|
SYNOPSIS
<fetch [METHOD=method] $theurl [$rawdoc]>
or
<fetch PARALLEL[=n] [METHOD=method] [URLS=]$urls [$loopvar ...]>
...
</fetch>
DESCRIPTION The fetch function retrieves URLs, using the HTTP GET
method (or its equivalent for other protocols), and returns the
(unformatted) documents in $ret. The METHOD option,
added in version 3.01.971300000 20001011, specifies an alternate
method; it may be one of OPTIONS, GET, HEAD,
POST, PUT, DELETE, TRACE, MKDIR, or
RENAME. Not all methods are supported by all protocols. Some
methods are mapped to an equivalent method when used with non-HTTP
protocols.
With the first syntax, a single URL (the first value of
$theurl) is retrieved. The urlinfo function
(here) can then be called to obtain more information
about the page just fetched. If a second argument ($rawdoc) is
given, it is used as the raw document source, instead of actually
fetching the URL. This provides a way to obtain the text, links,
etc. of arbitrary script-generated HTML that isn't present on an
actual web page . (To just HTML-decode an
arbitrary string without tag removal, word-wrapping or link parsing,
see the %H code to strfmt with the ! flag,
here.)
With the second (loop) syntax, all of the URLs in $urls are
fetched in parallel, that is, simultaneously. Once the first
(i.e. quickest) URL is completed, the fetch loop is entered,
with $ret set to the raw document source. As subsequent URLs
are completed, the loop is iterated again; once for each member of
$urls. Inside the loop, the urlinfo function can be used
to retrieve further information about the URL just completed.
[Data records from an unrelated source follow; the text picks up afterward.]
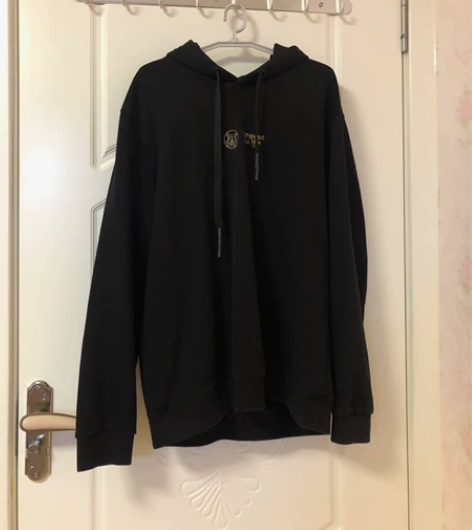 男士马克华菲黑色连帽卫衣 特别阳光的一件卫...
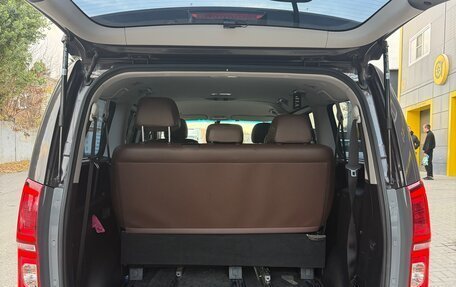 Hyundai Grand Starex Grand Starex I рестайлинг 2, 2019 год, 3 850 000 рублей, 5 фотография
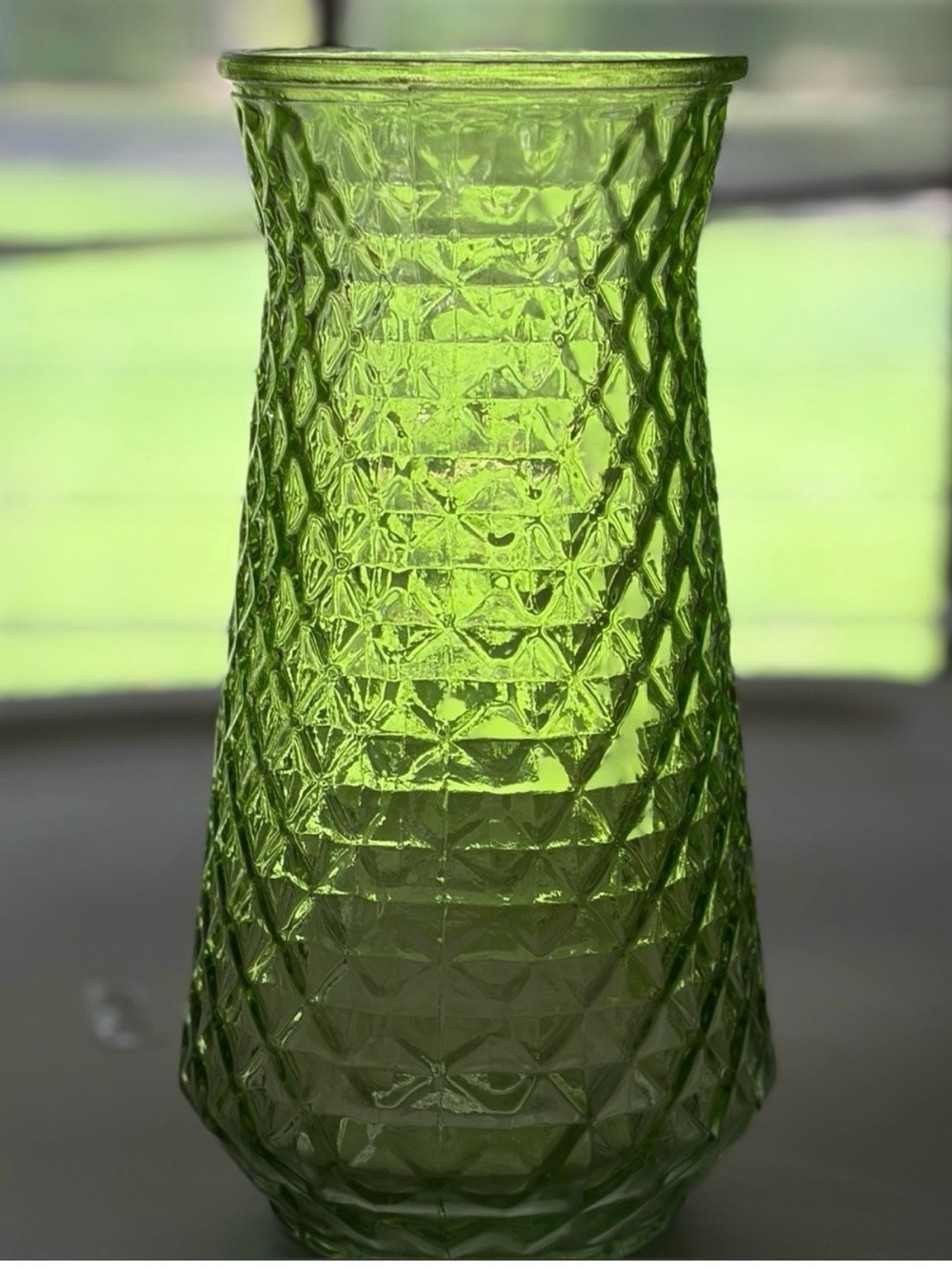 Green Vintage DPS Paula ‘Pineapple’ Diamond Cut 9 in Vase, EUC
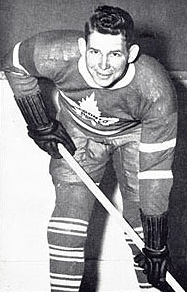 Фотография Джорджа Парсонса в униформе Toronto Maple Leafs, позирующего с хоккейная клюшка 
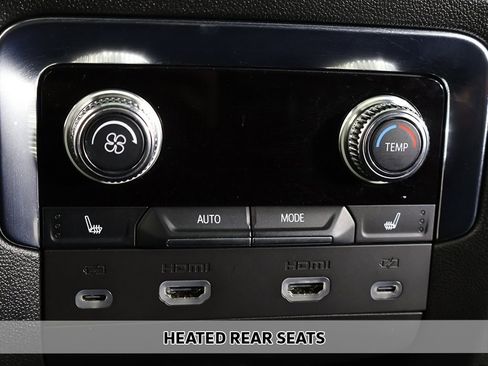 Used 2024 GMC Yukon Denali w/ Advanced Technology Package image 13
It is important to note with the loop syntax that URLs are returned
fastest-first, which might not be the order they are present in
$urls. For example, suppose two URLs are being fetched where
the first URL takes 10 seconds to download and the other 3 seconds.
With the parallel loop syntax, the second will probably be returned
first, after 3 seconds; then 7 seconds later the first will be
completed. A URL that refers to an unresponsive web server will not
hold up other URLs; it is merely returned last, when it times out.
As an aid in tracking which URL was returned in each iteration, the
$urls variable and any subsequent $loopvar variables are
looped over in the fetch, but in the same order as returned
URLs. Thus $urls is set to the URL just retrieved inside the
loop.
The special variables $loop and $next are set and
incremented inside the loop as well: $loop starts at 0,
$next at 1.
If an argument to PARALLEL is given, only that many URLs
will be fetched simultaneously; the remaining ones are started only as
the first ones complete. The default (no argument to PARALLEL)
is to start fetching all URLs initially (in version 4 and earlier)
or only 10 at a time (version 5 and later).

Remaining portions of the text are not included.